En cas de conjoncture difficile, tout le monde craint que la France ressorte la fameuse solution de la dévaluation du Franc Cfa. Cela s'est déjà produit, puisqu’en 1994, le Fcfa avait été purement et simplement dévalué de 50%, passant d’une parité d’un franc français pour 50 francs CFA à 100 francs CFA. Les 14 chefs d’Etat n’ont en rien pesé face au seul François Mitterrand.
Impossibilité de relancer l'économie par la monnaie
Par ailleurs, "il convient de rappeler que dans une économie de marché, à l’image du prix des biens de consommations, il y a un grand intérêt à ce que l’offre et la demande fixent le cours de la monnaie", affirme Babacar Bâ, banquier vivant en France. En effet, un pays compétitif économiquement aura tendance à exporter et donc à enregistrer des rentrées importantes de devises. L’échange desdites devises en monnaie locale correspond à une demande qui augmente en fonction de la compétitivité du pays. Par conséquent le cours de la monnaie locale s’apprécie. En revanche, pour une économie en mal de compétitivité, c’est l’effet inverse qui se produit, permettant ainsi une dépréciation de la monnaie locale. Cette simple baisse de la parité permet de doper les exportations.
L’évolution récente des cours du pétrole et des matières de base nous en apporte une preuve évidente. Des pays comme le Congo, la Guinée équatoriale, le Tchad ou encore le Gabon exportateurs de pétrole risquent d’entrer en récession sans que le Franc Cfa ne leur soit d’aucun secours, d’autant plus que leurs économie sont peu diversifiées.
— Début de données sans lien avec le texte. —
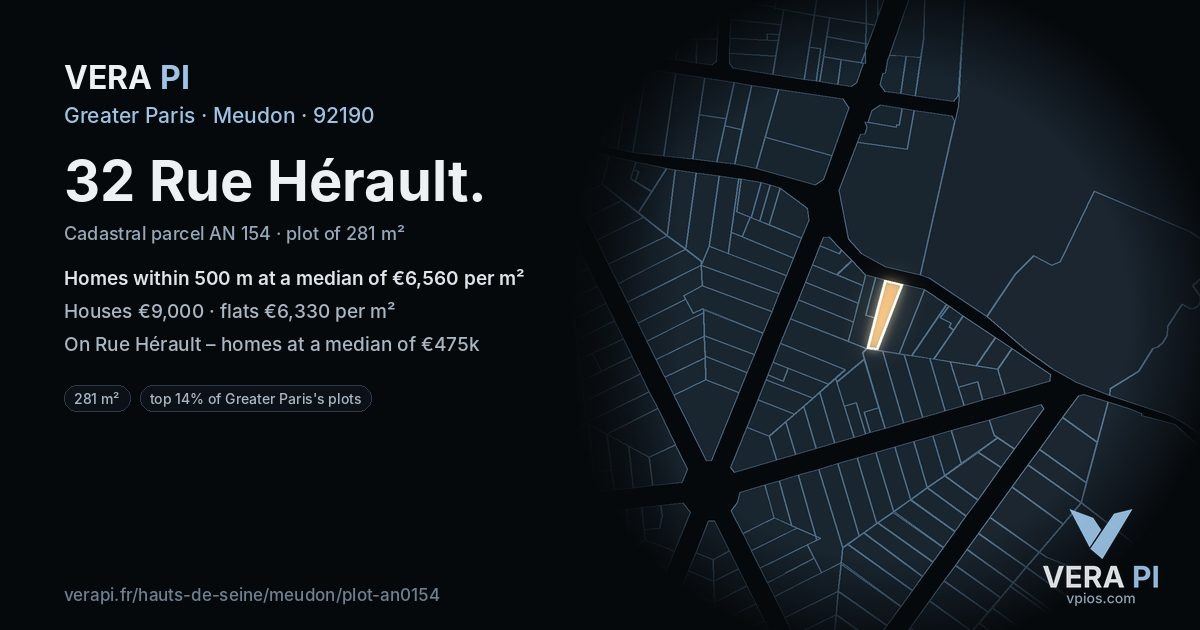 32 Rue Hérault, Meudon at night – the plot lit, the parcels around coloured by the prices near them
Alors que le Nigéria s’en sortira mieux à moyen terme. En effet, le naira a déjà connu une forte dépréciation de l’ordre de 30% par rapport au dollar. C’est l’un des meilleurs gages de la reprise de l’économie nigériane.
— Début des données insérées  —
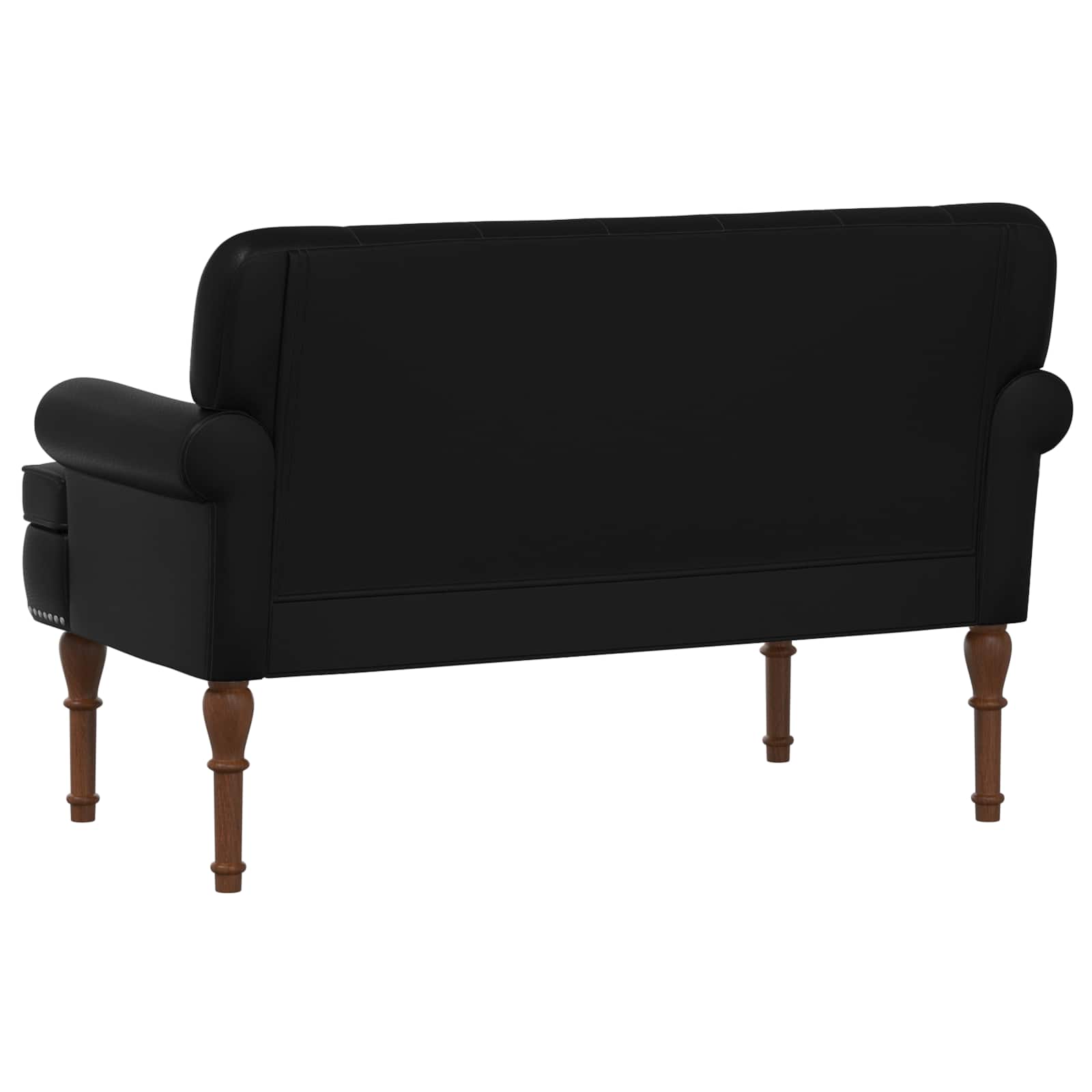 Black Faux Leather Loveseat Button Tufted | Simpledeals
Le débat autour du Cfa ne doit plus être un sujet tabou
C’est dire qu’avec le franc Cfa, les anciennes colonies ne perdent pas seulement leur souveraineté en confiant la gestion de leur monnaie à la France. Ce sont aussi et surtout des enjeux de politiques économiques afin de laisser le marché adapter le taux de change à la conjoncture pour faciliter la relance en cas de besoin. Enfin, il s’agit aussi d’arrêter de financer la France à des taux négatifs, alors que les pays du continent empruntent entre 3 à 6,5%. Malheureusement certains inféodés à la France diront que c’est trop risqué de gérer soi-même sa monnaie. Même en laissant de côté le Nigéria, il est toujours possible de s’inspirer de pays comme la Mauritanie, la Gambie, la Guinée qui sont loin d’être des géants sur le continent, mais qui peuvent se targuer d'une souveraineté monétaire. Pour cela, il faudra que les gouverneurs des deux Banques centrales, BCEAO et BEAC et les chefs d’Etat arrêtent de considérer le débat autour du franc Cfa comme un sujet tabou.